(Task statement)
Within the lines below, the span from the line with "La Buena Vista主图" to the line with "Common genet (Genetta", both ends included, is to be reproduced exactly, with pictures omitted.

(Available data)
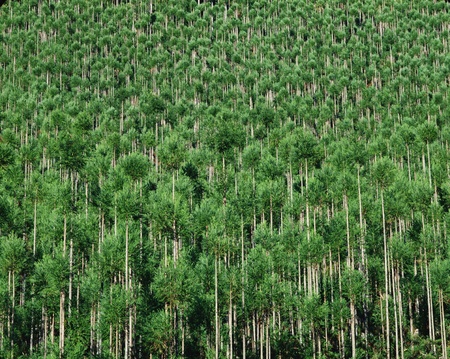 Nature sceneの写真素材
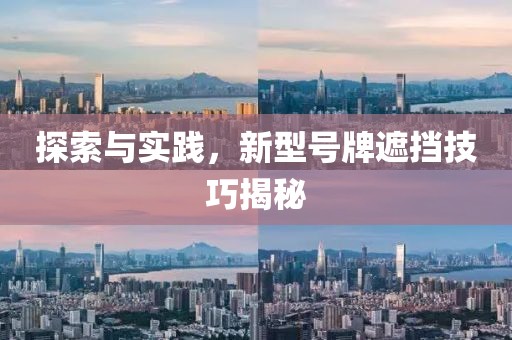 探索与实践，新型号牌遮挡技巧揭秘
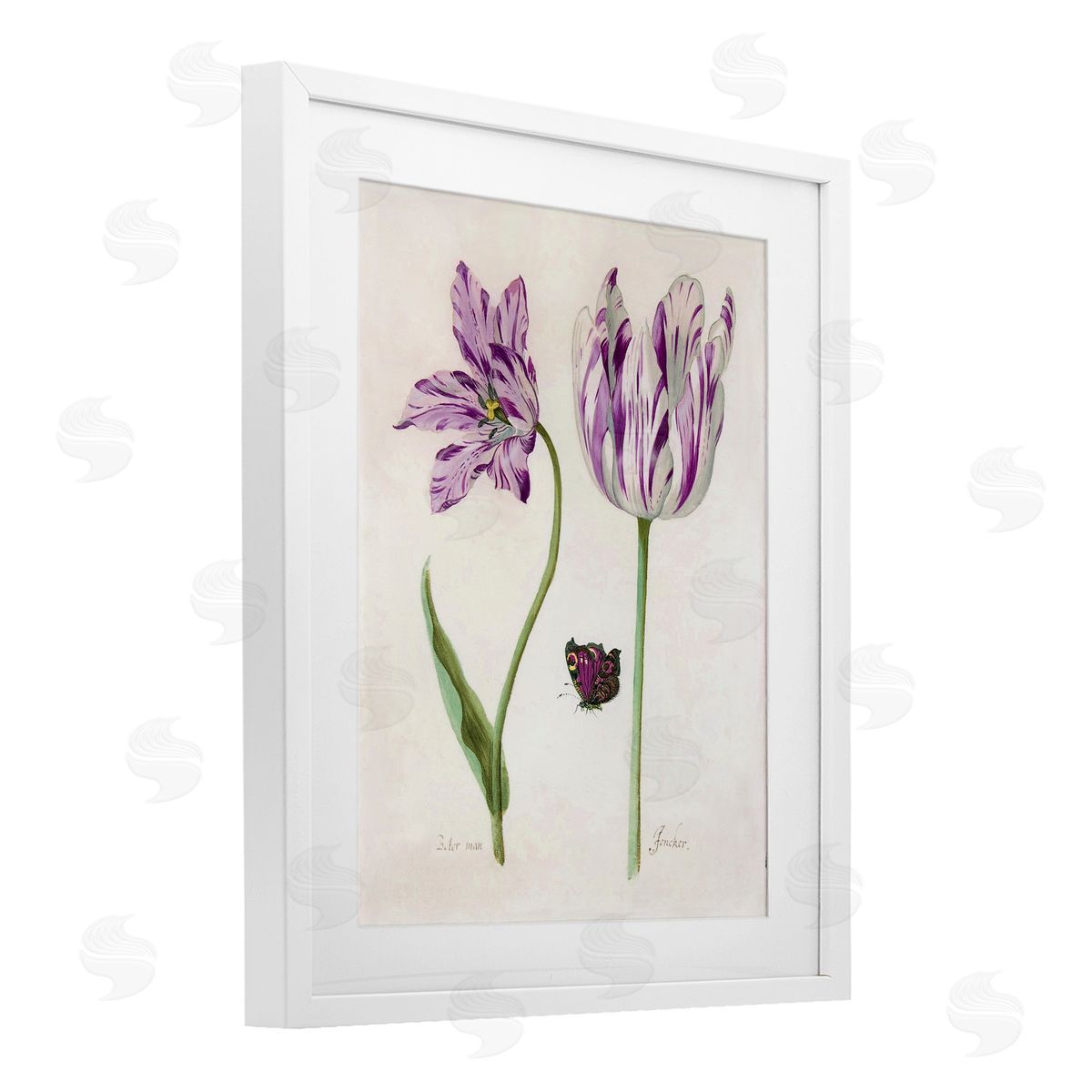 Jacob Marrel Two Tulips Purple Flowers White Framed Print Under Glass Art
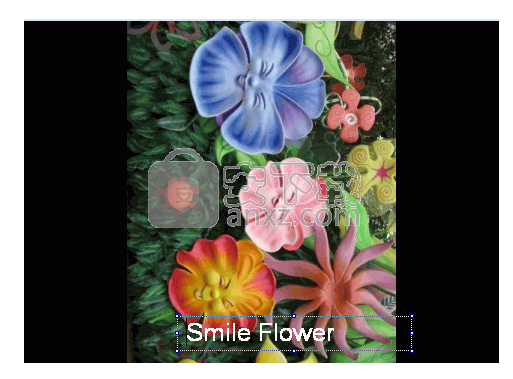 Sothink Photo Album Maker(电子相册制作工具)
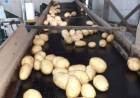 CANDELARIA: exportan a Chile 12.500 kilos de papa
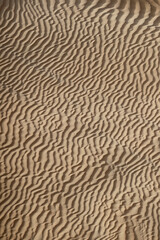 United Arab Emirates. Desert.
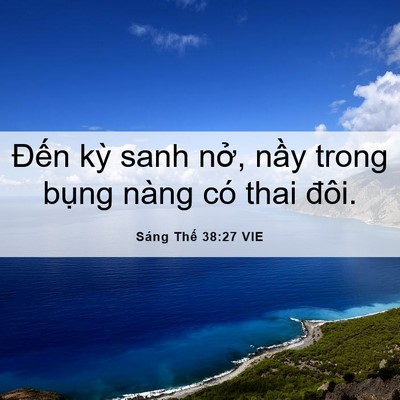 Picture 06 - Sáng Thế 38:27 VIE - Đến kỳ sanh nở, nầy trong bụng nàng - Bible Verse Picture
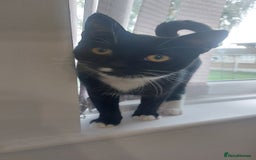 Domestic Shorthair cats for sale: Female black and white kitten - Image 3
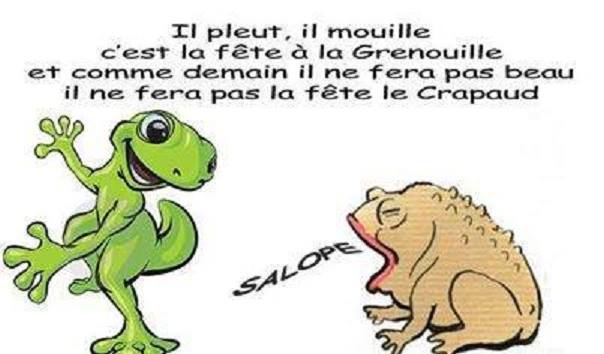 humour - Page 33 13221410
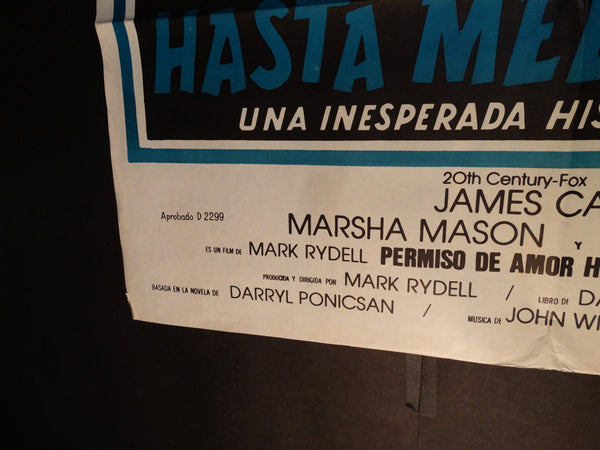 CINDERELLA LIBERTY 1973 (Permiso de Amor Hasta Medianoche) vintage Spanish language one-sheet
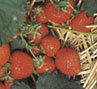 Erdbeeren vom Obsthof Kempf!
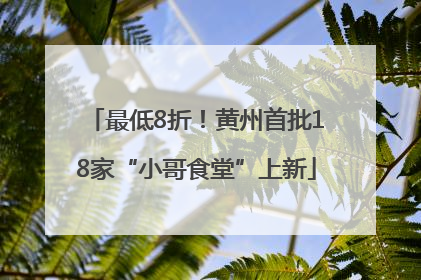 最低8折！黄州首批18家“小哥食堂”上新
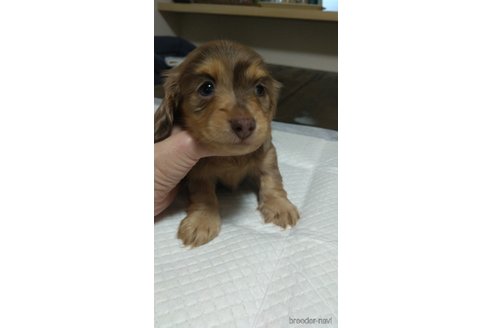 成約済の福岡県のミニチュアダックスフンド(ロングヘアード)-288007の14枚目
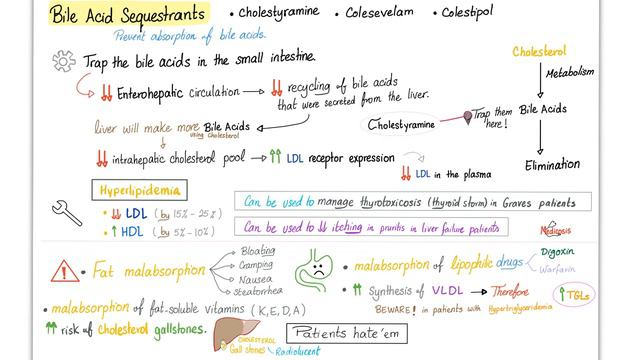 Lipid-Lowering Agents - Statin, Niacin, Fibrates, Cholestyramine,...etc - Pharmacology (Picmomic) смотреть онлайн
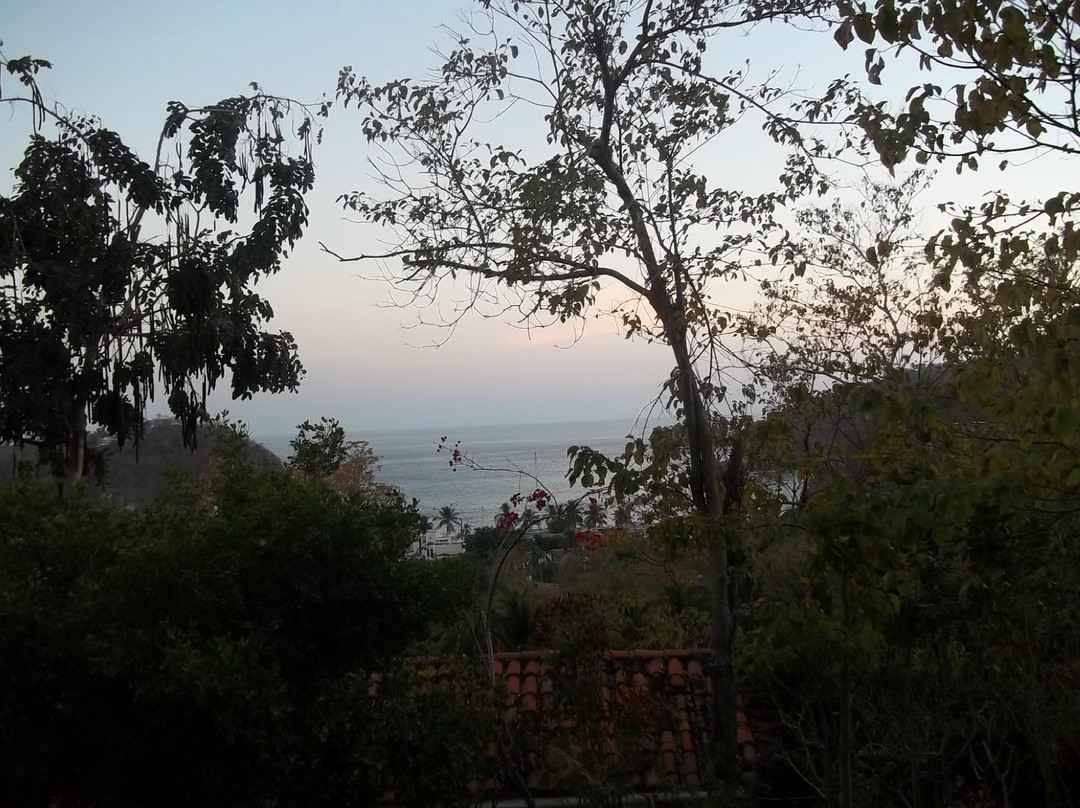 La Buena Vista主图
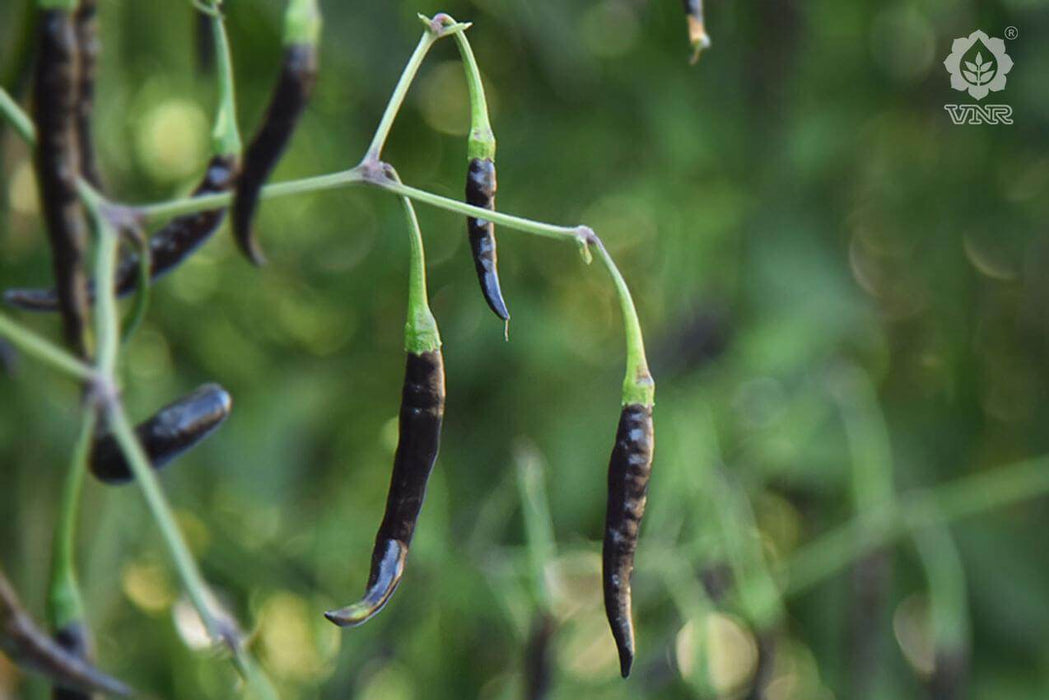 VNR-377 (Krishna) F1 Hybrid Chilli (VNR Seed's) - Farmers Stop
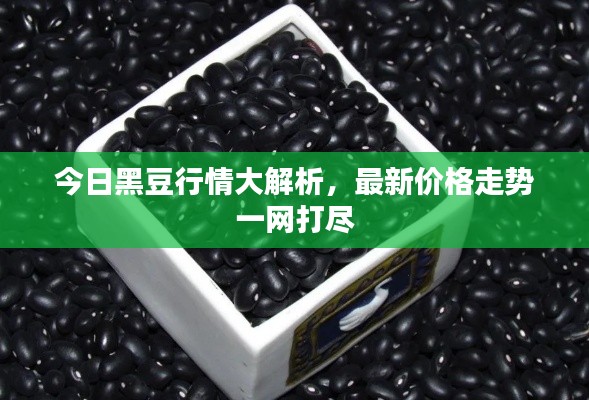 今日黑豆行情大解析，最新價(jià)格走勢(shì)一網(wǎng)打盡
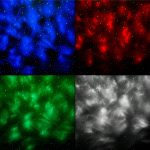 Прожетор LED з колонкою ZAR0557 - Зображення 8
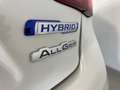 Suzuki Ignis 1.2 Mild Hybrid GLX 4WD Blanco - thumbnail 20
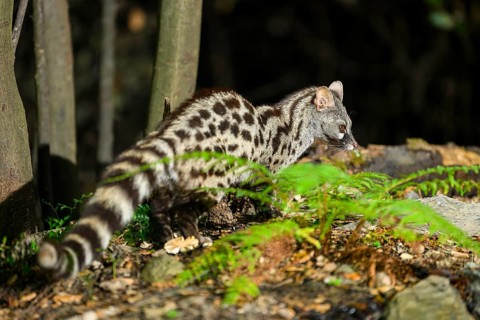 Common genet (Genetta genetta), wildlife in a forest, Montseny National Park, Catalonia, Spain,
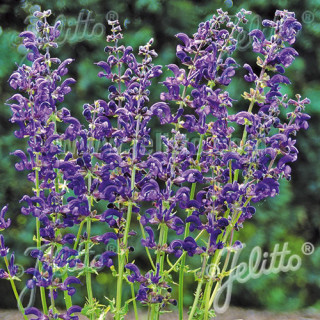 plantes-vivaces-salvia-pratensis-twilight-serenade-sauge-en-vente-sauge-des-pres-en-vente-pepiniere-lepage-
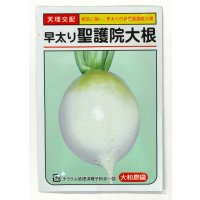 送料無料　[大根]　早太り聖護院大根　8ml　（株）大和農園
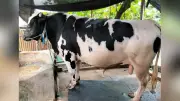 ১৪০০ কেজির সাদাময়নাকে নিয়ে বিপাকে খামারি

(Answer area)
 La Buena Vista主图
 VNR-377 (Krishna) F1 Hybrid Chilli (VNR Seed's) - Farmers Stop
 今日黑豆行情大解析，最新價(jià)格走勢(shì)一網(wǎng)打盡
 Прожетор LED з колонкою ZAR0557 - Зображення 8
 Suzuki Ignis 1.2 Mild Hybrid GLX 4WD Blanco - thumbnail 20
 Common genet (Genetta genetta), wildlife in a forest, Montseny National Park, Catalonia, Spain,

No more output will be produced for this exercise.